● WHAT YOU SHOULD DO: Reproduce every entry that follows word for word, but omit the images.

* * *

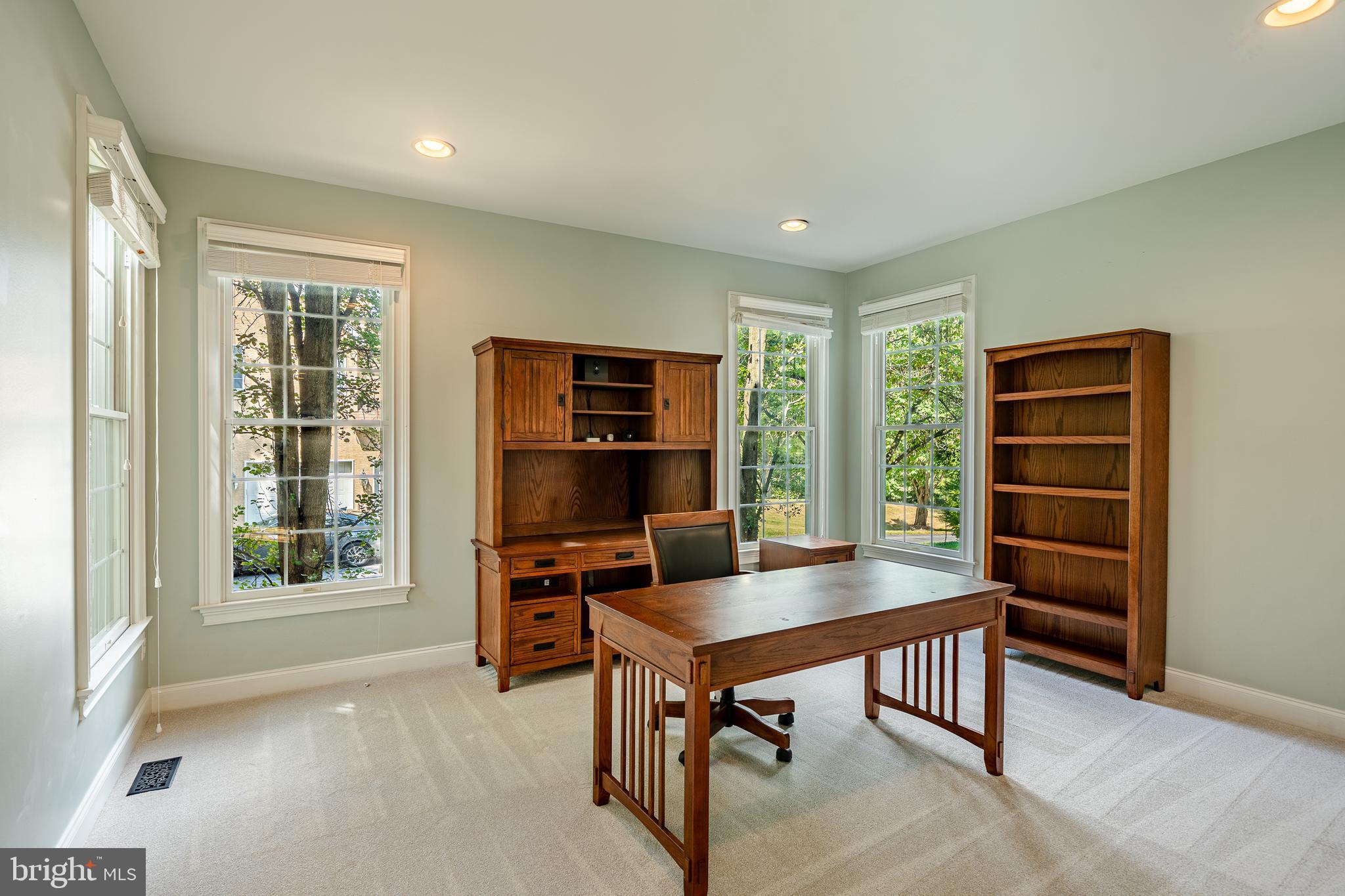 OAK HOLLOW - Residential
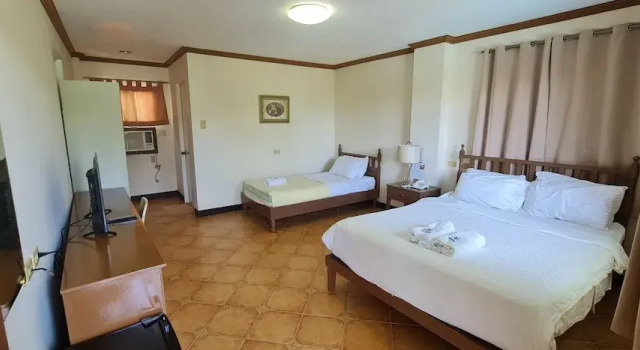 Standard Dreier Zimmer mit Balkon und mit Poolblick Marvin's Seaside Inn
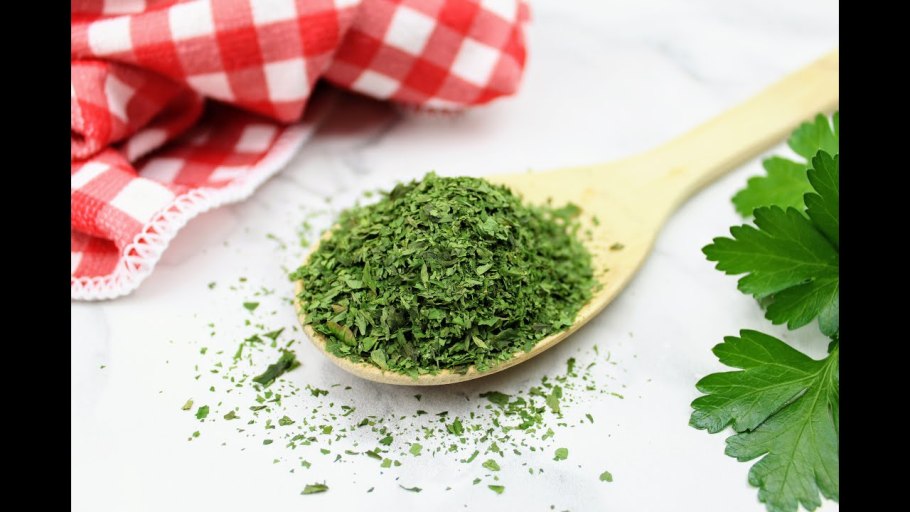 Петрушка кудрявая без фона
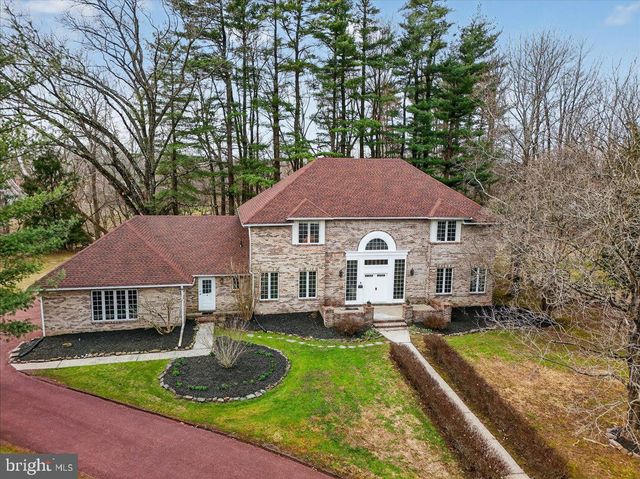 3 MANSION HILL DR, Ewing, NJ 08628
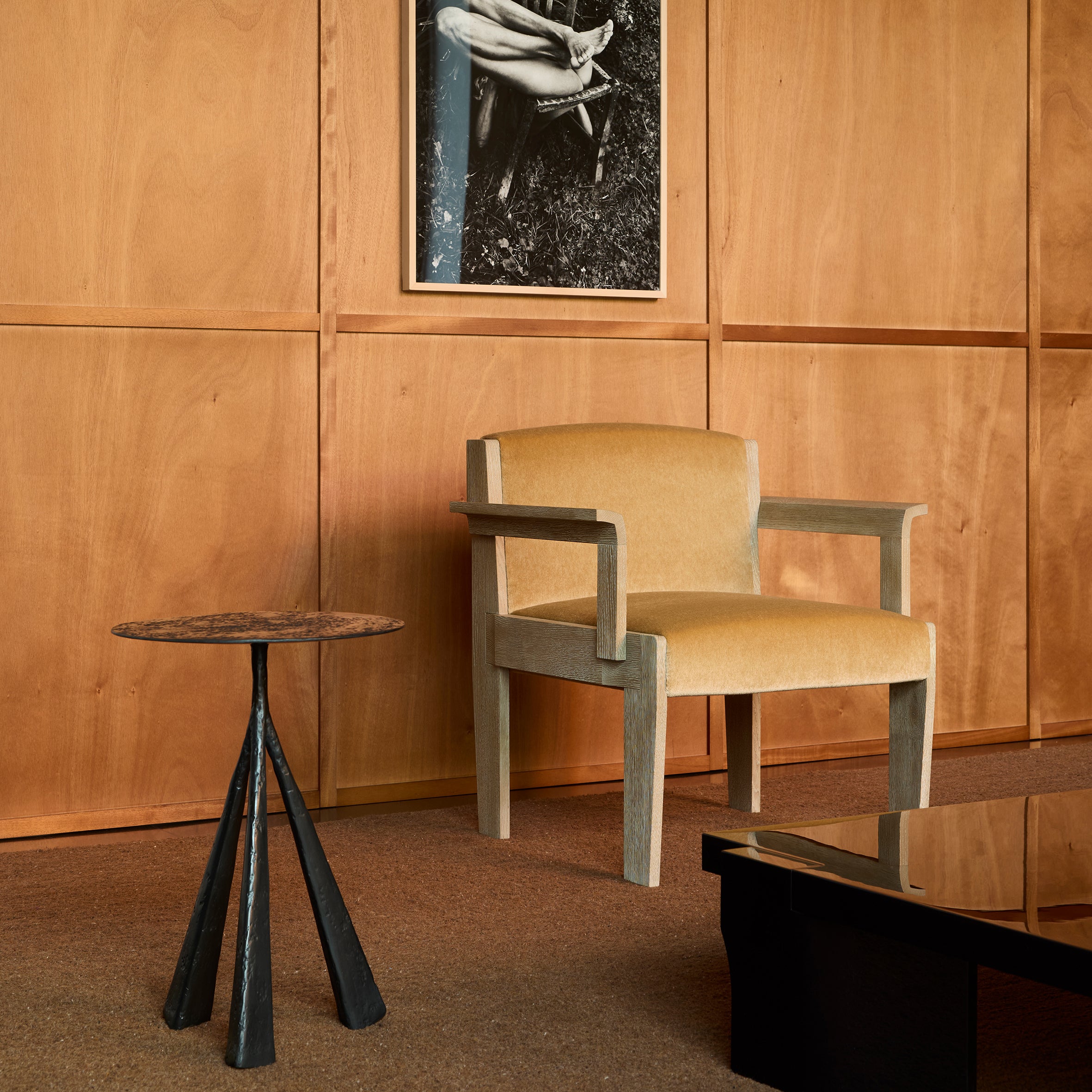 GIL Low Chair with Armrests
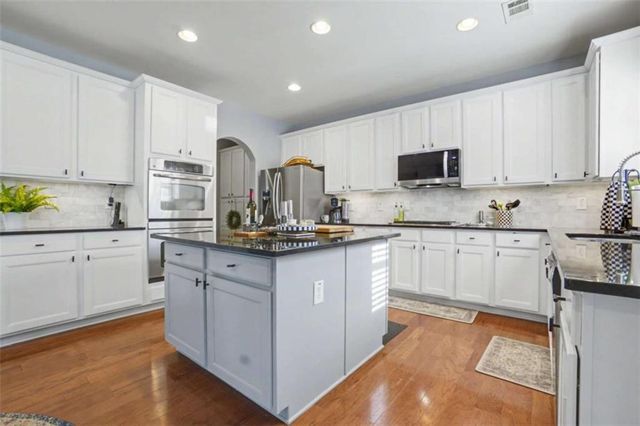 7553 Copper Kettle Way, Flowery Branch, GA 30542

* * *

● OUTPUT FOR THIS EXERCISE:
 OAK HOLLOW - Residential
 Standard Dreier Zimmer mit Balkon und mit Poolblick Marvin's Seaside Inn
 Петрушка кудрявая без фона
 3 MANSION HILL DR, Ewing, NJ 08628
 GIL Low Chair with Armrests
 7553 Copper Kettle Way, Flowery Branch, GA 30542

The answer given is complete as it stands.